Elizabeth Clarke Wolstenholme Elmy (1833–1918) was a British Feminist Women's suffragist campaigner, essayist and poet, who also wrote under the pseudonyms E and Ignota.
Elizabeth Wolstenholme was born in Cheetham Hill, Manchester and baptised on 15 December 1833 in Eccles, Lancashire where her father was a Methodist minister. She was the daughter of Revd Joseph Wolstenholme who died around 1843 much of her formative years were spent in Roe Green with her maternal family. Her mother Elizabeth had died when she was very young and she was brought up by her stepmother Mary (née Lord). She attended Fulneck Moravian School for two years but was not permitted to study further. Her brother Joseph Wolstenholme (1829–1891) became a professor of mathematics at Cambridge University. She opened a private girls' boarding school in Boothstown near Worsley and stayed there until 1865 when she moved her establishment to Congleton in Cheshire.

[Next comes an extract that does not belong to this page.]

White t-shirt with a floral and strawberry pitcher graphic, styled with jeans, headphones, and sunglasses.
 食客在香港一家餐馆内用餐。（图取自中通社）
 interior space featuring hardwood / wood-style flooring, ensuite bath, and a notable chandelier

Wolstenholme, dismayed with the woeful standard of elementary education for girls, joined the College of Preceptors in 1862 and through this organisation met Emily Davies. They campaigned together for girls to be given the same access to higher education as boys. Wolstenholme founded the Manchester Schoolmistresses Association in 1865 and in 1866 gave evidence to the Taunton Commission into education, one of the first women to give evidence at a Parliamentary Select Committee. In 1867 Wolstenholme represented Manchester on the newly formed North of England Council for Promoting the Higher Education of Women. Emily Davies and Wolstenholme quarrelled over how women should be examined at a Higher Level and Wolstenholme who had formed the Manchester branch of the 'Society for the Promotion of the Employment in Women' in 1865 was keen for a curriculum aimed at developing skills for employment whereas Davies wished for women to be taught the same syllabus as men.